The market is the third of its type to be built under the direction of the Swiss Agency for Development and Cooperation (SDC) in cooperation with the Programme de Développement des Villes Moyennes of the Burkina Faso government, which aims to strengthen the country’s mid-sized towns through building commercial infrastructures. The market was the result of a truly participatory process that brought together and engaged the entire community in the site selection, design and construction of the market as well as its continuing use. A 1:1 prototype of a typical retail space was constructed which helped facilitate communication between the different collaborators, simultaneously allowing refinement of the design, development of innovative construction techniques and practical training of the local masons.
Chapel of Reconciliation
Built by architects Peter Sassenroth und Rudolf Reitermann in 1999, this small chapel made of rammed earth replaces the former Church of Reconciliation, a historicist church built in 1894 which happened to be situated on the death strip when the Berlin wall was erected in 1961. The old church stood there vacant and isolated, abused as a guarding tower for East German border patrol, until it was finally blown up by East Germany in 1987 – just two years before the wall eventually was torn down itself. the community of the former church decided it wanted to have its church back.
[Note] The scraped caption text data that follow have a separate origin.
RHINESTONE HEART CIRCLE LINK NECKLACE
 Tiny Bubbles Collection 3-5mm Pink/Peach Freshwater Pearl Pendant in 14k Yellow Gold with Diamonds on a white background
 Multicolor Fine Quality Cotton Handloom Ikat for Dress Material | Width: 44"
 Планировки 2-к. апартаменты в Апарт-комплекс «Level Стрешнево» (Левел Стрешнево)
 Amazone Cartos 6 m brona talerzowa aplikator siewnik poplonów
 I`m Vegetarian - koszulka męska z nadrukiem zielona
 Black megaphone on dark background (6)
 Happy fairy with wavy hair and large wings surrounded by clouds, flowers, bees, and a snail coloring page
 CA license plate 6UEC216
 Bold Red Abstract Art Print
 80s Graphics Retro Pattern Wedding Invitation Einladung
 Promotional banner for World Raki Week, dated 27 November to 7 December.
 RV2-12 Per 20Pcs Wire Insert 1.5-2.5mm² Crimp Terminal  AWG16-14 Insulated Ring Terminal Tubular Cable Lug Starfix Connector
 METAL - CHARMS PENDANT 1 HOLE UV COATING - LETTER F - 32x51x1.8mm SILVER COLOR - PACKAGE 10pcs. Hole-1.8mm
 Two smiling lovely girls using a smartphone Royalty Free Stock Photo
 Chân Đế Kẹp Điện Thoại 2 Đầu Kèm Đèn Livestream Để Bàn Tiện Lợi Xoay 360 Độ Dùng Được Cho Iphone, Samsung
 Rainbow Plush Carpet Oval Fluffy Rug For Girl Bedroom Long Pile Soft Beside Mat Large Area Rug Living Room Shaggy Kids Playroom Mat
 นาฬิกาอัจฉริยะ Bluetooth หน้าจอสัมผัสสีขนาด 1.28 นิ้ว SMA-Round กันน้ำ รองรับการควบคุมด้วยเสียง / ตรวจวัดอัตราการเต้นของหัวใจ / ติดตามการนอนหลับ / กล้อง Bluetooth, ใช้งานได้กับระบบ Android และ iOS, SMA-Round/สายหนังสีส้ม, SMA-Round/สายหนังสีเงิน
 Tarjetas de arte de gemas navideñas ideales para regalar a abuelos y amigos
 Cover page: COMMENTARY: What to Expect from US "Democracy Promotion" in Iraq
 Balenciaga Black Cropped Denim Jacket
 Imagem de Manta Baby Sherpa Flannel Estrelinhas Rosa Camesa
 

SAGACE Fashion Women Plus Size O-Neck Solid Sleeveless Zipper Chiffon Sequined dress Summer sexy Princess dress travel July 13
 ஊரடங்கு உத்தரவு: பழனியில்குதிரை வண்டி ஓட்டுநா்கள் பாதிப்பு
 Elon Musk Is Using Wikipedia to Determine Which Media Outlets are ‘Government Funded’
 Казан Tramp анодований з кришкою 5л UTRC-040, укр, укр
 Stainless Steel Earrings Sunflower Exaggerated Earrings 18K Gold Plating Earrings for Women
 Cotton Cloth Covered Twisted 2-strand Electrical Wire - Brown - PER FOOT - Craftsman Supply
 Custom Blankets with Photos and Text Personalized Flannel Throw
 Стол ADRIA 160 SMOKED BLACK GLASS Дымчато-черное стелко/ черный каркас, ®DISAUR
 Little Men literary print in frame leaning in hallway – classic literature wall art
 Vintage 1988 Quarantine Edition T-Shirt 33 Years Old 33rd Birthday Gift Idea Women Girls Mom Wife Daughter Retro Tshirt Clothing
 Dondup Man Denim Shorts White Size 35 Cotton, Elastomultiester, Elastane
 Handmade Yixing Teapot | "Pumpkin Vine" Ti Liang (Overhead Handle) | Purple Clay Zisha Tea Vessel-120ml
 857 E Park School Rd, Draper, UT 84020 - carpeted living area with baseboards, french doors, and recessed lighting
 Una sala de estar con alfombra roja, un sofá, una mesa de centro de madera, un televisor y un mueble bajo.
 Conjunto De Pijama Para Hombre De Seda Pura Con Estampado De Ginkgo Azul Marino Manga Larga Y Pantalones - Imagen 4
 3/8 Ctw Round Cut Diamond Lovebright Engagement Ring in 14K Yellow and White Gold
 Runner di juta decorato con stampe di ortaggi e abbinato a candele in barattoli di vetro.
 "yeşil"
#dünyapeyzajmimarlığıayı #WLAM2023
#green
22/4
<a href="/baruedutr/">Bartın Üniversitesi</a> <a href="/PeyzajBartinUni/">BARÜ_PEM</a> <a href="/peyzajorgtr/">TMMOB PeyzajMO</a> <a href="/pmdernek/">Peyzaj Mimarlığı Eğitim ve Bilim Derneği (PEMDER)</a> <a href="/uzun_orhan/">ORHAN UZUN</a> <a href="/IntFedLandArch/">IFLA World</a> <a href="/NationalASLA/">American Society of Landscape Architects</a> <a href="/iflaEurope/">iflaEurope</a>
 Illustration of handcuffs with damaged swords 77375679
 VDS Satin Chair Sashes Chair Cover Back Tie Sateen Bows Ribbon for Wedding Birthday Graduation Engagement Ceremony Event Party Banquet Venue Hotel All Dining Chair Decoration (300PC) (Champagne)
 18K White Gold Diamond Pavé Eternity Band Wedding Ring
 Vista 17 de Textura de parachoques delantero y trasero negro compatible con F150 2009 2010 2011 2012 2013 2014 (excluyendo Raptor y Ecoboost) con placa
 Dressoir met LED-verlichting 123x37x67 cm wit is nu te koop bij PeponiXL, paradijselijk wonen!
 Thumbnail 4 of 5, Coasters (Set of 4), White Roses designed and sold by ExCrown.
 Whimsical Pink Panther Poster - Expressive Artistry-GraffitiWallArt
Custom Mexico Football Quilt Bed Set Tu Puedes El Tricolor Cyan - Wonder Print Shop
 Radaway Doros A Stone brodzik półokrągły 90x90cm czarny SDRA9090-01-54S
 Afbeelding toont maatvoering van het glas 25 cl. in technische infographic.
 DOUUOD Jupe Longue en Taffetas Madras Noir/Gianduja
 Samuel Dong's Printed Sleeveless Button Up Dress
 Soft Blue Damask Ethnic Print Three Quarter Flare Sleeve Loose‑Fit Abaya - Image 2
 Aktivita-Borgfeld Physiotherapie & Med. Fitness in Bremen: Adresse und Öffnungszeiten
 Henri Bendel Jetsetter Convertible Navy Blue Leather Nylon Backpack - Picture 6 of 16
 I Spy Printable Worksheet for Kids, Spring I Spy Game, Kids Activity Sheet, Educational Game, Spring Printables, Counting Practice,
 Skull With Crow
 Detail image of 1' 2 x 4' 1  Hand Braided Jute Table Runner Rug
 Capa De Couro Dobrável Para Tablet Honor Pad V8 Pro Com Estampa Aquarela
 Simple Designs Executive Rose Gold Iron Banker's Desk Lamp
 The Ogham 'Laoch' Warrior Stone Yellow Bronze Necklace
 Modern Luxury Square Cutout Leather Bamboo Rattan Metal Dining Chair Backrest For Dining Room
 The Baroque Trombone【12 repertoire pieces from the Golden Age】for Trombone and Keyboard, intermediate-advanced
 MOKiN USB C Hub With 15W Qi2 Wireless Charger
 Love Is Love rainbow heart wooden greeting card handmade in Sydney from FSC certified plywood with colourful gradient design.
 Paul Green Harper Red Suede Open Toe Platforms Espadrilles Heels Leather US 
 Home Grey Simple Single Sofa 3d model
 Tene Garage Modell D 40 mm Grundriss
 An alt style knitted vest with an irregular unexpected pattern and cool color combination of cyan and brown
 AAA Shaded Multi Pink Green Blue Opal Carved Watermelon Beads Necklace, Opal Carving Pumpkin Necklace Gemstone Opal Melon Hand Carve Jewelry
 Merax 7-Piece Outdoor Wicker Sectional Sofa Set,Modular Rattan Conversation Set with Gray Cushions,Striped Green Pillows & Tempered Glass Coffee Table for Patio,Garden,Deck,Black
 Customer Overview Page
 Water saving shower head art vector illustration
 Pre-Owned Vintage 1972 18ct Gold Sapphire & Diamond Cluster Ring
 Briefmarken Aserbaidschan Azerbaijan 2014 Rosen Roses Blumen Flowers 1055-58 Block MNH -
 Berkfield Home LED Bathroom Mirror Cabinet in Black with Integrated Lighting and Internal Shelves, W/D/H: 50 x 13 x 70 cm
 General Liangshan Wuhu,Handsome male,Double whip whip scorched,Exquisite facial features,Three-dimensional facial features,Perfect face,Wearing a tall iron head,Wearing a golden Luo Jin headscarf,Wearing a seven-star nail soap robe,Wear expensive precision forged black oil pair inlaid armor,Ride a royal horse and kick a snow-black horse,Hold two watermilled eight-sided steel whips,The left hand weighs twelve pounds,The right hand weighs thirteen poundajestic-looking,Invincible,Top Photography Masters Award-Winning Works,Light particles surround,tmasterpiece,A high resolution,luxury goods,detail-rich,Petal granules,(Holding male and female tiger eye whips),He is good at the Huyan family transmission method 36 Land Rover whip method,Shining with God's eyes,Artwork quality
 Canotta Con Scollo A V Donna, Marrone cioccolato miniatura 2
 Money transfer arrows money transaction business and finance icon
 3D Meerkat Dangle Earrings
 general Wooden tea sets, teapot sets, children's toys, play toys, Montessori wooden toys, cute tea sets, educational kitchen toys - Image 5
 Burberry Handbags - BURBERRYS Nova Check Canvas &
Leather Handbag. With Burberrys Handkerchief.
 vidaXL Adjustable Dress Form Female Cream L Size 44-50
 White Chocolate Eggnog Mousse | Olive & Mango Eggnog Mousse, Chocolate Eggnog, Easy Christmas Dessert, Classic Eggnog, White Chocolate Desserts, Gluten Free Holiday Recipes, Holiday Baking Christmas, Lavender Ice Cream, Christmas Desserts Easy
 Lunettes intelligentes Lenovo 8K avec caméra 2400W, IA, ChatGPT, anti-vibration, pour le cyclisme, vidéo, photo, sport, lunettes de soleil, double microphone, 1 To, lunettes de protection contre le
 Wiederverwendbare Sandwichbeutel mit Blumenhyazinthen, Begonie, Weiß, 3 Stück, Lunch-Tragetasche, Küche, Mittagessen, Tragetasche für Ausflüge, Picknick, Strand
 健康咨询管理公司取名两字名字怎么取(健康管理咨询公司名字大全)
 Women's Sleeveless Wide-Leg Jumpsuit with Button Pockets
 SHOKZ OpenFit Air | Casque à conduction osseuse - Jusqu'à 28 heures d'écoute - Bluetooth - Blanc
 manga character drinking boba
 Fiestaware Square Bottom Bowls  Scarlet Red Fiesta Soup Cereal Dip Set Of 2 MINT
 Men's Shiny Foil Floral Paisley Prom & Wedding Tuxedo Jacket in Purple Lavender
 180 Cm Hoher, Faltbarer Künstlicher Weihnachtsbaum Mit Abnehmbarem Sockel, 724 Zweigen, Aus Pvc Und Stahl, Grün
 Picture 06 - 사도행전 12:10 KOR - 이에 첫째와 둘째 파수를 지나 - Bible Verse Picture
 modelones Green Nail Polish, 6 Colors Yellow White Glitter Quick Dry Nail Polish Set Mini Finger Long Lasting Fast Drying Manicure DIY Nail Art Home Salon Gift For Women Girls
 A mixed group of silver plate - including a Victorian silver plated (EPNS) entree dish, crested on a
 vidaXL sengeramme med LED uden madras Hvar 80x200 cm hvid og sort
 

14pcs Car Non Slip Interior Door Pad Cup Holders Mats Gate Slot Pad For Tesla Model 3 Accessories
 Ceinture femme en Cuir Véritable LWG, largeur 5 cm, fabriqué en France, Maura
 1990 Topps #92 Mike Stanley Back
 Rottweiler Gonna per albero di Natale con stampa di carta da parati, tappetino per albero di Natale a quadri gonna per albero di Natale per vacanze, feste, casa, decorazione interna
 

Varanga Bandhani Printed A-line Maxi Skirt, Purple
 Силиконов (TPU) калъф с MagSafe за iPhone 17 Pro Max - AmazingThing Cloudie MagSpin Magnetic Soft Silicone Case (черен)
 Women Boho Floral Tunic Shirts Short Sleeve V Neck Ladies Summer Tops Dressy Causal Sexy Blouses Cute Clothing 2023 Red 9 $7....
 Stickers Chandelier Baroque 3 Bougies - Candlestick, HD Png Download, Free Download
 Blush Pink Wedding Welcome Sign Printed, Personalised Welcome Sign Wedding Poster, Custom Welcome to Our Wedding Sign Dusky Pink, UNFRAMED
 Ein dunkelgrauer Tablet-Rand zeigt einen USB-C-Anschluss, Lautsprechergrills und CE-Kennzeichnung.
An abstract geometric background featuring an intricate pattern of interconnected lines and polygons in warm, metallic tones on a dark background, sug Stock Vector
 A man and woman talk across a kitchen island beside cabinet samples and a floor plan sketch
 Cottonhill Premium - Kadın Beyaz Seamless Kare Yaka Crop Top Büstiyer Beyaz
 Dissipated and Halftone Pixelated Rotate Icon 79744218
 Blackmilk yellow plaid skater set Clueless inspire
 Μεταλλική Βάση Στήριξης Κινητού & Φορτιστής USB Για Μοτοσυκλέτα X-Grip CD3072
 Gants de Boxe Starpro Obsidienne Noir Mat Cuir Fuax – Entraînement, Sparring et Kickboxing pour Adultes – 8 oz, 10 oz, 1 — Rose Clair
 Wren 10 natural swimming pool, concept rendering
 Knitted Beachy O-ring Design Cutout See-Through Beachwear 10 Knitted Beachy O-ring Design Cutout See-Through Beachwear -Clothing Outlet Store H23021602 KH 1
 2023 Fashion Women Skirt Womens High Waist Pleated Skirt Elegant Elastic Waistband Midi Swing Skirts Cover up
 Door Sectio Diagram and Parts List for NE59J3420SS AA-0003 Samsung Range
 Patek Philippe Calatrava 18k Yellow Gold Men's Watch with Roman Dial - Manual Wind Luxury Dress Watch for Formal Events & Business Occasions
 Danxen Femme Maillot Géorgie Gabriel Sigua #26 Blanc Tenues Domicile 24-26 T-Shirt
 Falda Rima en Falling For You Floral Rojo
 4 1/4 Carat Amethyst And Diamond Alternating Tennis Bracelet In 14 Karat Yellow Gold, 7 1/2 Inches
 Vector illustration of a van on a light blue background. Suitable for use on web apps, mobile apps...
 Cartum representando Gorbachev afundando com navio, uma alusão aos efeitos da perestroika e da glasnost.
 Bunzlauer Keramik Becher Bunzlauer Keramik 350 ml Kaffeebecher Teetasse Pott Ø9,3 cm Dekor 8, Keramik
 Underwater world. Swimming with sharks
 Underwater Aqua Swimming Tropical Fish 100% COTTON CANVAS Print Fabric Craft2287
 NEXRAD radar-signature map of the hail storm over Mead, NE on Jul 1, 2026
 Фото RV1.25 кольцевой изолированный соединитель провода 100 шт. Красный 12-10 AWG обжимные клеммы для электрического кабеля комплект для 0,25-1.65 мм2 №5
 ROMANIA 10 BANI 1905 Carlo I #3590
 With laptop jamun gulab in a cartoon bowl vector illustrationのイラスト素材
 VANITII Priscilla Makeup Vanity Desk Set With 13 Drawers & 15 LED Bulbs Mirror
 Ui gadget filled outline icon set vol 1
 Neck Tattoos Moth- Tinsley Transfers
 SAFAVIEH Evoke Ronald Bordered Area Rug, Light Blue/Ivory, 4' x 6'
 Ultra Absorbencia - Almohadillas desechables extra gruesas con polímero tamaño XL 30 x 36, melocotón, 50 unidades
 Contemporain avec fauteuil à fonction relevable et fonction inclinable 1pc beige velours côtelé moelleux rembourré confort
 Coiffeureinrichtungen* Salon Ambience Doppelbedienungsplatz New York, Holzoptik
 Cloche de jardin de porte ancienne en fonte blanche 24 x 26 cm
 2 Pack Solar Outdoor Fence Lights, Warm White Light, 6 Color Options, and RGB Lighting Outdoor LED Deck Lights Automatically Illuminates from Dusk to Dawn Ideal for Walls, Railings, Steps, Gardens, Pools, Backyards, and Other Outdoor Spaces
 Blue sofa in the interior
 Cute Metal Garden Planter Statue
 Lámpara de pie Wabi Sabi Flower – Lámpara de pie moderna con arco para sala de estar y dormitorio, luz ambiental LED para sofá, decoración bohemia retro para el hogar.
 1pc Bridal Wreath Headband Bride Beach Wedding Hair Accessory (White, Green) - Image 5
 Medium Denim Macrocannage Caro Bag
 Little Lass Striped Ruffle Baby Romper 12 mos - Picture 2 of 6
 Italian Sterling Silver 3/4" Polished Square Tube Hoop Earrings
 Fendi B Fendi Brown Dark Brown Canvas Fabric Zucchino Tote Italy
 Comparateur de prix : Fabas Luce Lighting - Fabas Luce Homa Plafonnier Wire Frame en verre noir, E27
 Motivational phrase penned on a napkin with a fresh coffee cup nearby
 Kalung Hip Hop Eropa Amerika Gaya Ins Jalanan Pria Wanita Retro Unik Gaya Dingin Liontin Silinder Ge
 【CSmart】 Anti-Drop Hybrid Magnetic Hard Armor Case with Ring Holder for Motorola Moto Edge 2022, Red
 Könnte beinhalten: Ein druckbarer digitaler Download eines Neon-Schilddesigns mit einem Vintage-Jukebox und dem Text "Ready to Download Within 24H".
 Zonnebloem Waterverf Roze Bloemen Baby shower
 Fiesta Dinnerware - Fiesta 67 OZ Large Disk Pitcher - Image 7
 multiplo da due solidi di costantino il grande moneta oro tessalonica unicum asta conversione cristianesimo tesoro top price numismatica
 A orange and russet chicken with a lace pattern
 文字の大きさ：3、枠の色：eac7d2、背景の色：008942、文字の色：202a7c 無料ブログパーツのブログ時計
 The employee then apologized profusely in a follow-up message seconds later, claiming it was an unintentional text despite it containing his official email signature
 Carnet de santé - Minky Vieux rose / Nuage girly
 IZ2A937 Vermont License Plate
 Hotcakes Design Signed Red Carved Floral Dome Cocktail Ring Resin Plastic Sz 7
The completed chapel is enveloped by a wall made of rammed earth, composed out of clay and smaller pieces of bricks of the exploded church. For more information visit the Chapel of Reconciliation home page.
Ait Benhaddou
The Moroccan city of Aït Benhaddou is one of the most well-known earthen city in the world, at it is a UNESCO World Heritage Site and because it is an extremely photogenic city, was the setting for numerous movies including Lawrence of Arabia (1962), The Last Temptation of Christ (1988) and Gladiator (2000) to name a few.